__TASK INSTRUCTIONS__:
Within the listing below, please copy exactly the lines between the line holding "RARE OPPORTUNITY TO" and the line holding "VANS Men's Authentic Shoes", inclusive.

DATA FOR PROCESSING below:

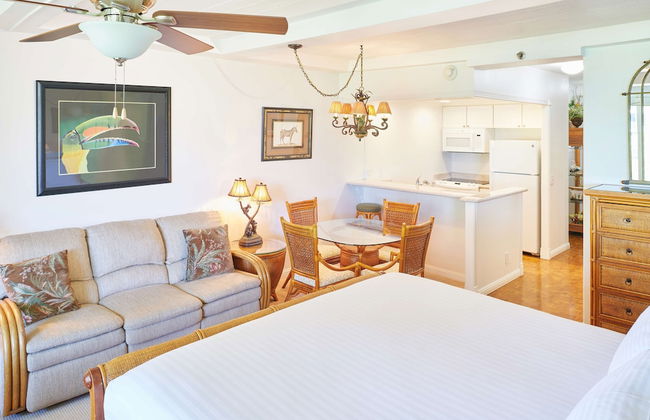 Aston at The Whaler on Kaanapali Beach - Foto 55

End of DATA FOR PROCESSING.
DATA FOR PROCESSING below:

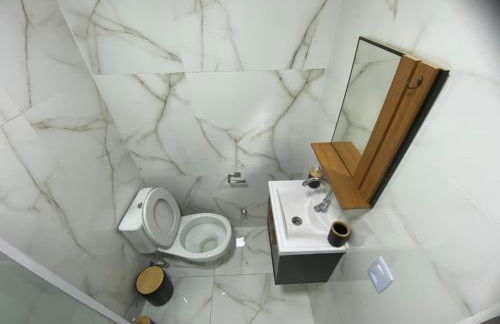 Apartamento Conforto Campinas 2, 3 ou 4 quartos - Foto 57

End of DATA FOR PROCESSING.
DATA FOR PROCESSING below:

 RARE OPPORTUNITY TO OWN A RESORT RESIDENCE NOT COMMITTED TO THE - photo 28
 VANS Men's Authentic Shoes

End of DATA FOR PROCESSING.

__COMPLETED EXERCISE__:
 RARE OPPORTUNITY TO OWN A RESORT RESIDENCE NOT COMMITTED TO THE - photo 28
 VANS Men's Authentic Shoes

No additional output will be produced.